Значит, что-то определяется в результате того, проделано или не проделано chasses-croises. Или, скажем, я прямо из точки А попал в точку Б на коляске, или проехал мимо вывески железнодорожной станции Бомон поездом. Точка определится по-разному. Определенность ее будет другой. Пруст пишет:
…таким образом, это расположение — уникальная точка (Бомон), которую, казалось бы, автомобиль лишал той таинственности, которую придавал ей скорый поезд (проскакивающий мимо вывески), хотя в действительности автомобиль создавал у нас впечатление, будто это мы сами его открыли, определили по компасу (II,1006).

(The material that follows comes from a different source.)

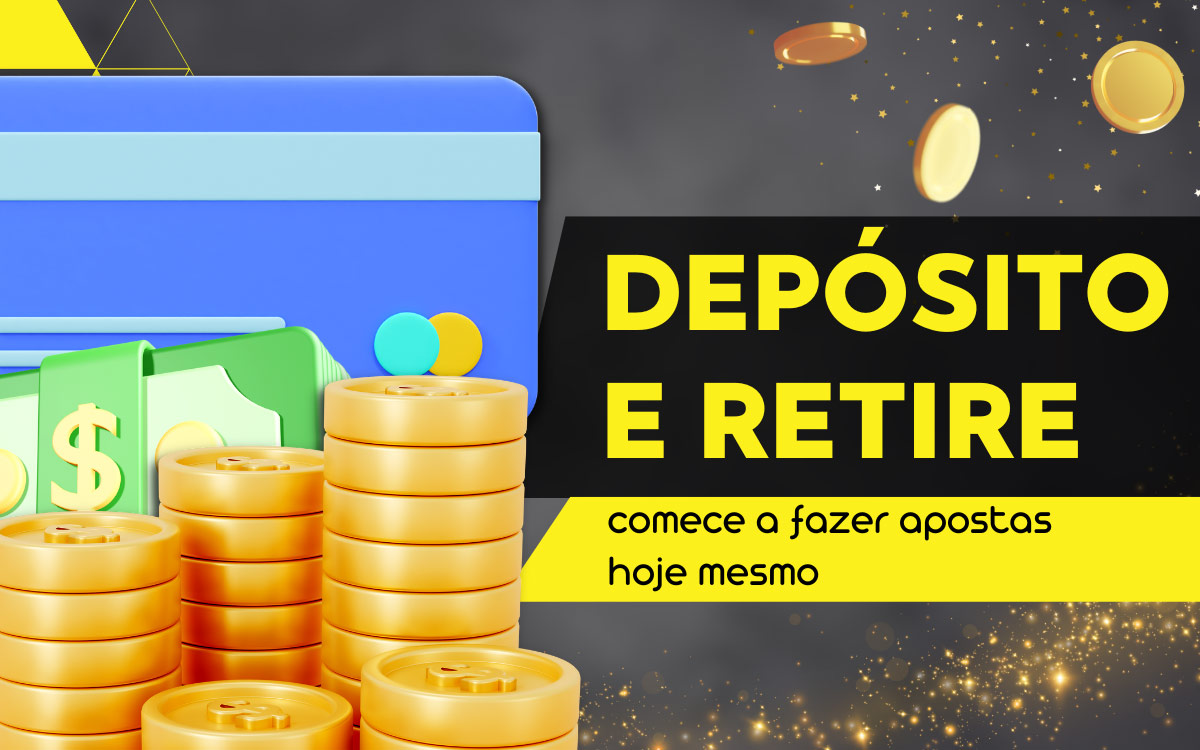 Busca interminável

В данном случае движение восприятия или движение открытия является — в отличие от того, что Пруст называет безразличным средством достижения внешних истин, — средством не безразличным к предмету, который открывается. Поэтому он говорит: мы сами, подобно компасу, определили Бомон. То есть мы имеем дело с точкой, определившейся теломерно. И, конечно, это не та точка, что видна из поезда. Хотя физически она та же самая, одновременно она не та, к которой я приехал на автомобиле. Мы ее прощупали «любовно исследующей рукой». Представьте себе, что я, как слепой, рукой ощупываю поверхность и нащупал точку. Не глазом смотрел, а любовно исследующей рукой. Но глаз ведь тоже рука. Если наш глаз теломерен, то мы определили, говорит Пруст, действительную геометрию, красивую «единицу земли». На этом автомобиле Марсель ехал вместе с Морелем, тем музыкантом, в которого был влюблен де Шарлю и который мучает де Шарлю, выманивает у него деньги и так далее.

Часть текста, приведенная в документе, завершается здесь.